Since the last update in November 2020, BGC has continued its DEAI efforts throughout the institution.

Alumni Dialogues
Ama Codjoe, the independent social justice consultant working with Bard Graduate Center, facilitated a final discussion with BGC alums and current students on December 8. The purpose of this meeting was to get clarity on top of recommendations for improving diversity, equity, access, and inclusion at BGC going forward and to discuss how alumni and students would like to be involved in those efforts. Codjoe has met with Director Susan Weber, Dean Peter Miller, and Chief Operating Officer Tim Ettenheim twice since the Alumni Dialogues concluded to share her impressions and recommendations. Dean Miller is working on a response to alums regarding next steps that will be sent via email and posted on the BGC website by the end of February.

Staff members Nadia Rivers, coordinator of Public Programs, Education, and Education, and Maggie Walter, coordinator of Marketing, Communications, and Design, developed a BGC-community newsletter called 86th Street Stories to help unite students, faculty, and staff while working from home. Each issue includes an up-to-date list of social justice resources they have compiled for those looking to take action. The Black History Month issue of 86th Street Stories includes an annotated bibliography of new acquisitions in the BGC Library and presents events and exhibitions, all of which explore decorative arts, design history, and material culture through the lens of Blackness. Finally, Maggie has conducted research to spotlight Black artists, makers, curators, and scholars in fields related to BGC’s areas of focus on social media, and she continues to work with BGC students to conduct research and write social media posts all throughout the year that focus attention on BIPOC people, scholarship, objects, and materials in the decorative arts, design history, and material culture.

Faculty members Meredith Linn and Aaron Glass have launched a new course called “Unsettling Things: Expanding Conversations in Studies of the Material World” that aims to examine “three important, and often interrelated, modes of fostering diversity in our fields: expanding topical contents and subjects for research; foregrounding previously marginalized voices and scholars; and engaging with existing or developing new approaches, theories, and methods that are widely applicable in the humanities.”

Meredith reported, “The course is going well. We’ve created a Wordpress website in lieu of a course wiki, with the idea that parts of it could, at some point, be shared more easily with the BGC community and perhaps with the public. In addition to the syllabus section, we’re also building out a resource section as we go, to which students will contribute. Additionally, the students’ major project for the course will be to develop an online resource about a topic of their choosing that is related to the theme of the course. The idea is that this resource could be used by other students or instructors as a place to start their research or lesson planning. The online resource will contain
  • a short overview and literature review about the topic

  • an annotated bibliography

  • an essay focusing on an object that illustrates and illuminates the topic in ways that other sources alone might not

  • other components and media of the students’ choice, such as a lesson plan for a class, a course syllabus, a short research paper, an interview, and something else that they propose.

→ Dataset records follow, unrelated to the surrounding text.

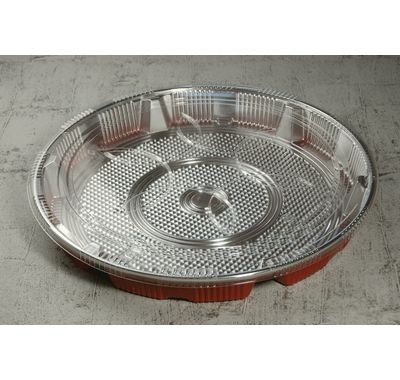 寿司容器 DXすし桶5 ふた付 10枚パック φ380×45mm HIPS すし5人前/オードブル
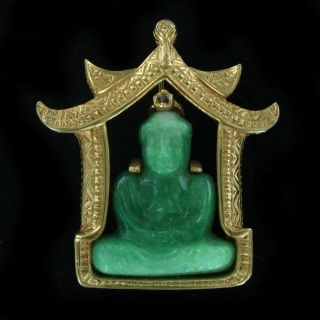 Vintage Chinese Kramer Peking Glass Buddha In Shrine Gold Finish Pin 1.  75 " H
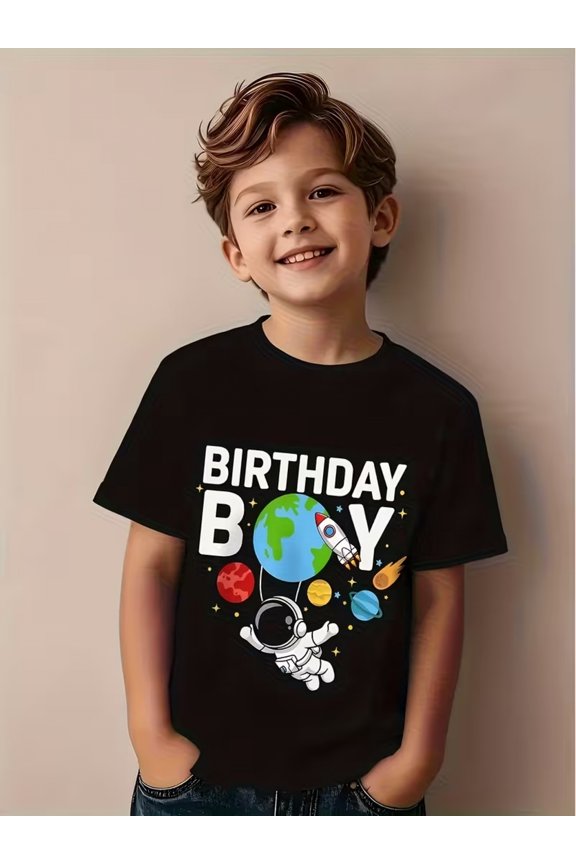 children’s wear Cute Boys' Astronaut Space Birthday Graphic T-Shirt for Kids, Funny Planets Rocket Outer Space Theme Tee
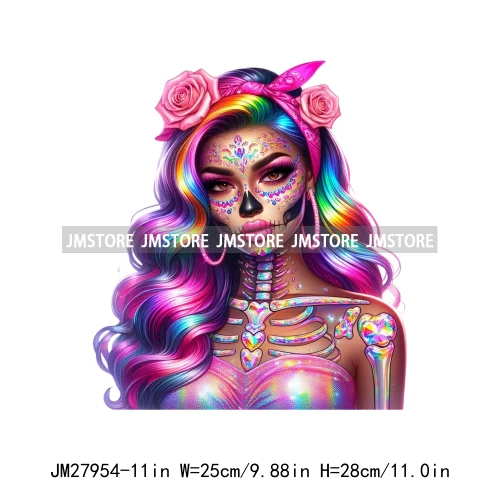 Raninbow Diamond Glamor Latina Skeleton Woman Rose Chicana  Earing Girls DTF Iron On Heat Press Transfer Stickers For Clothes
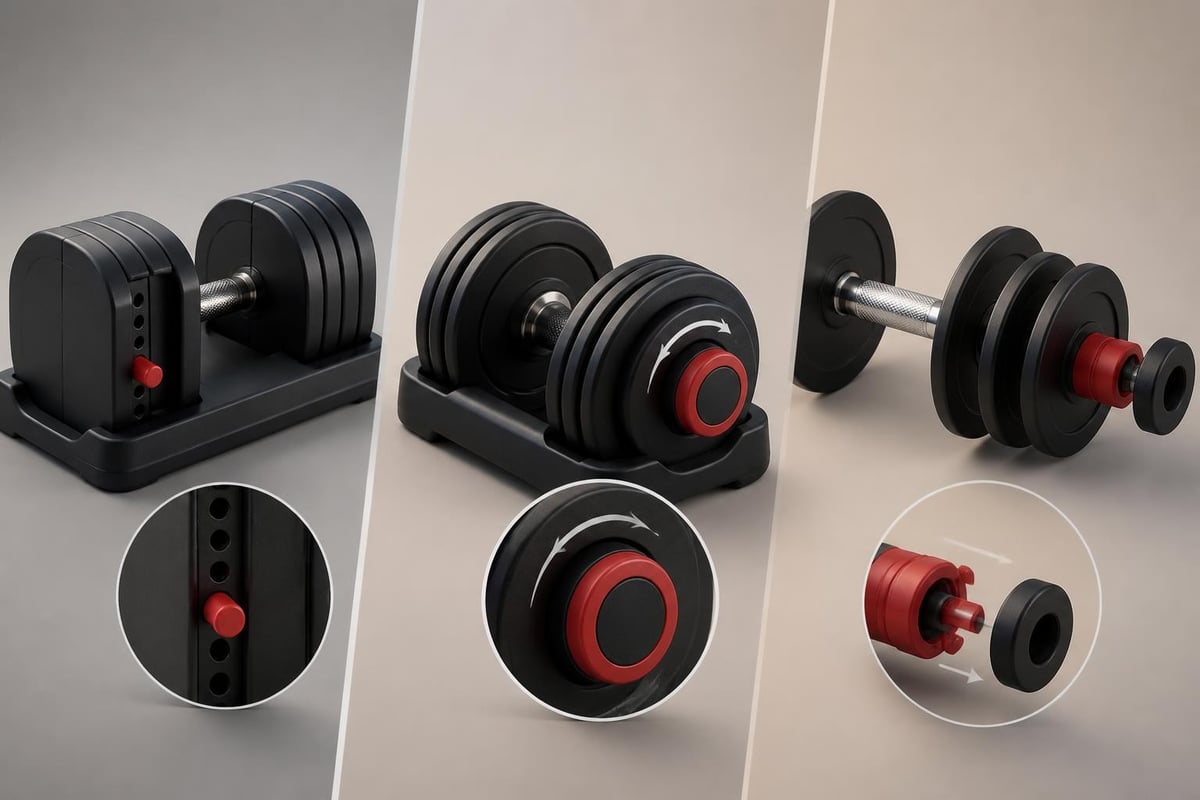Adjustable dumbbell weight selection mechanism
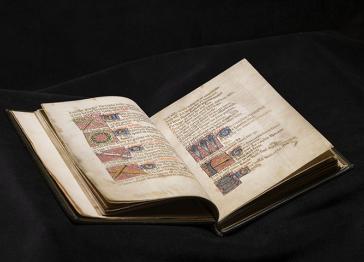 A bound Medieval manuscript open to a page of text illustrated with objects relating to the Passion of Christ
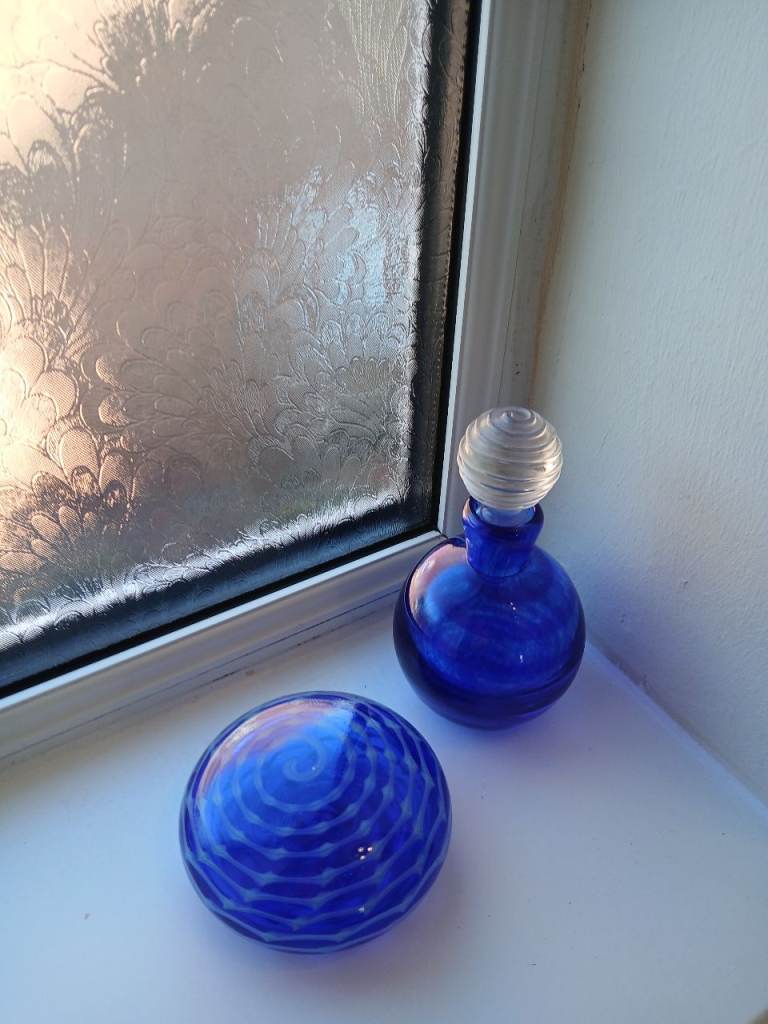 Bristol Blue glass - 2 items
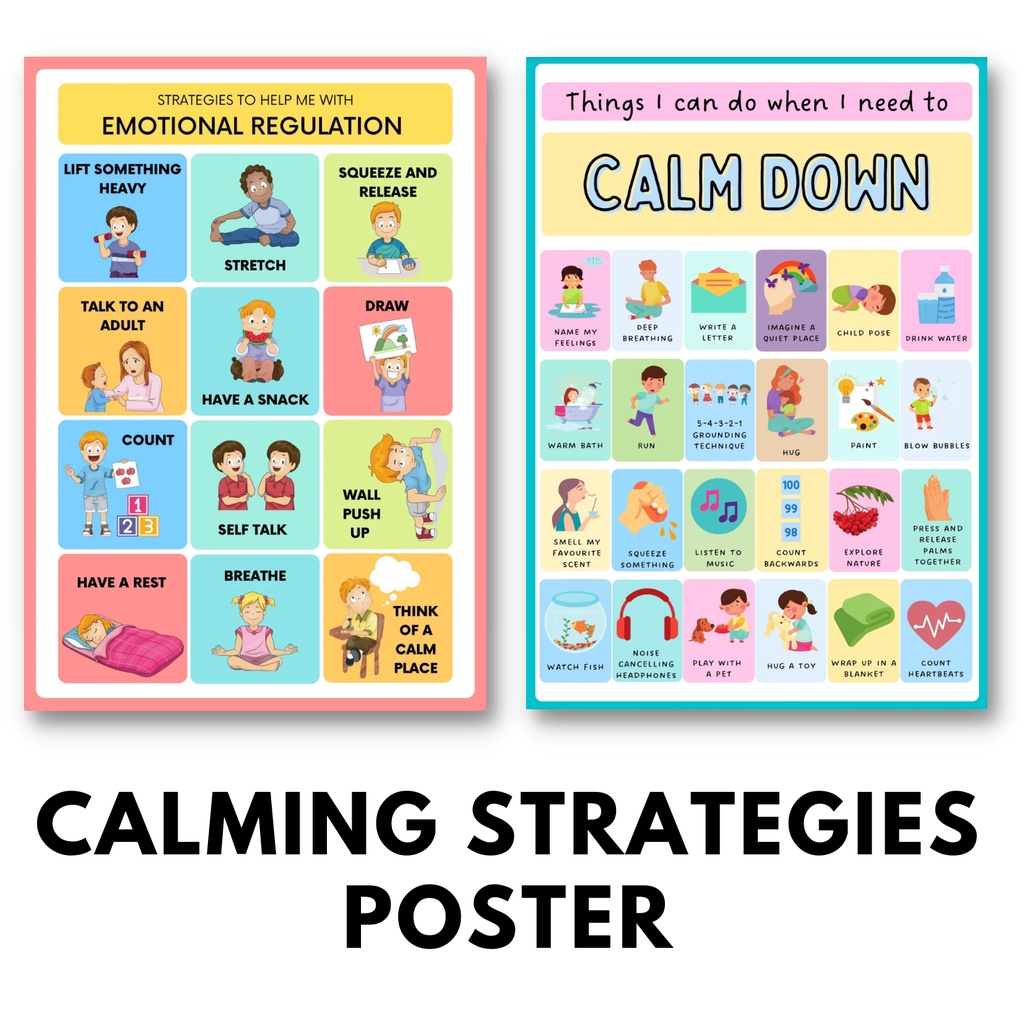 EMOTIONAL REGULATION STRATEGIES POSTER, Educational chart / poster for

“We’ve just completed the first section of the course, which aimed to introduce the students to foundational scholars, works, and terms and vocabulary in critical studies, specifically in the areas of post-Marxism, post-structuralism, and postcolonialism. These three courses were led by Peter Miller, Aaron Glass, and me, respectively. As of the week of February 8, we’re moving into the second section of the course, in which we will discuss contemporary approaches to Indigenous, African American, intersectional feminist, disability, and queer studies. These classes will be led by experts in these fields, many from outside BGC. After spring break, we’ll move into the third section, and focus on additional important topics (again aided by our colleagues and guests), including decentering whiteness, post-orientalism, Oceania and alternative modernities, monuments and memory, and narratives, storytelling, and oral history.

“The class is full, between registered students and PhD auditors. We’ve also had a few visitors from time to time—outside lecturers who will be presenting later in the course and some of our BGC colleagues. I think I can speak for both Aaron and myself in saying that we’ve been learning a lot, and we wish each class meeting was longer! The topic of each meeting could be a whole course (or two). There’s always so much more to discuss, and the students have been asking terrific questions and offering very thoughtful comments. We really hope that the conversations we start in class will spill over into others outside our virtual classroom.”

DEAI Working Group
BGC’s DEAI Working Group (Samantha Baron, Amy Estes, Minna Lee, Meredith Linn, Earl Martin, Caspar Meyer, Laura Minsky, Emily Reilly, Carla Repice, Hellyn Teng, Heather Topcik) met with Ama Codjoe in January to share progress on fall semester projects and discuss ideas for the Working Group’s future. The group also welcomed new member Samantha Baron, who had already been working closely with the team focused on hiring recommendations.

The Curriculum team (Meredith Linn, Caspar Meyer, Carla Repice) has scheduled a training workshop for faculty and PhD students with the aim of promoting equity and inclusion in our pedagogical practice. The first workshop, led by Patricia Felisa Barbeito, Dean of Faculty, Professor of American Literatures, and Director of the Teaching and Learning Lab at the Rhode Island School of Design, will be held on February 18. It will focus on “Creating an Inclusive Syllabus: Laying the Groundwork for Student-Centered Teaching.” The curriculum team also convened a faculty conversation to reflect on the Alumni Dialogues in fall, which was followed by a conversation on teaching at the beginning of the spring semester.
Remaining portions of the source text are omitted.